WASHINGTON — The labor market started the year strong, adding a robust 227,000 net new jobs last month while more people began looking for work, the Labor Department said Friday.

Although the January job growth figure exceeded expectations — and was the best since September — that was somewhat offset by a downward revision of job growth the previous two months by 39,000.

Those changes meant job growth averaged 187,000 for 2016 and that President Trump took office with the job market expanding at a solid pace.

“He’s inheriting a very healthy labor market and a healthy economy,” said Stuart Hoffman, chief economist at PNC Financial Services Group. “Obviously some of his core voters don’t feel that way. But overall the unemployment rate is under 5 percent and jobs have been growing for seven years.”

Before a White House meeting with business executives, Trump said he was “very happy” with the job growth.

“There’s a great spirit in the country right now,” Trump said.

“I think it’s going to continue big-league,” he said. “We’re bringing back jobs. We’re bringing down your taxes. We’re getting rid of your regulations. And I think it’s going to be some really very exciting times ahead.”

The unemployment rate last month inched up a tenth of a percentage point to 4.8 percent, but that wasn’t bad news.

The uptick was largely caused by 584,000 more people looking for work last month after accounting for annual adjustments made to U.S. population figures.

The percentage of working-age Americans in the force increased to 62.9 percent in January. That was the best level since September, though still near a 40-year low.

But wage growth remained a concern. Average hourly earnings were up 3 cents to $26 last month, down from December’s strong 6-cent increase. For the 12 months ended Jan. 31, wages increased 2.5 percent.

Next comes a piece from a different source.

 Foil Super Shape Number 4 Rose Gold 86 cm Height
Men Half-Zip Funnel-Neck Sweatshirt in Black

The slowdown in wage growth came even though worker pay got a boost last month because minimum wage increases kicked in on Jan. 1 in 19 states, either through automatic cost-of-living bumps or scheduled changes passed by voters or lawmakers.

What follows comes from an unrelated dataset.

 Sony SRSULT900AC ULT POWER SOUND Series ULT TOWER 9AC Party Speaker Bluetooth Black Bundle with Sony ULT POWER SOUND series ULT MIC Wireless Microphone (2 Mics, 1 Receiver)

In California, the minimum wage rose to $10.50 an hour, from $10, as the first step in a law signed by Gov. Jerry Brown last year that is scheduled to boost the wage to $15 by 2020.

“Wages are creeping up. But creep is kind of the operate word there,” Hoffman said. “The good news is more and more people are getting jobs and they’re getting them in better-paying industries.”

Construction and manufacturing are among those industries.

The construction industry had a big jump in hiring in January, adding 36,000 net new jobs compared with just 2,000 the previous month, the Labor Department reported.

But factory payroll growth slowed. Manufacturers added 5,000 net new jobs last month after an 11,000 gain the previous month.

Retailers had a strong month, increasing their payrolls by 46,000. But state governments shed 9,000 net jobs.

The January jobs report was the final one for the Obama administration, though job growth might have been influenced by increased business and consumer confidence after Trump’s election. The data was collected in the middle of last month before Trump took office.

“Obviously many of the metrics we look at measuring sentiment have been on the rise since the election,” said Mark Hamrick, senior economic analyst at financial information website Bankrate.com.

“On the one hand, you say businesses might not be willing to add workers until they see a rise in demand, but on the other hand they may be making some strategic decisions where they anticipate demand,” he said.

Analysts had expected job gains last month of 175,000, and the unemployment rate to hold steady at 4.7 percent.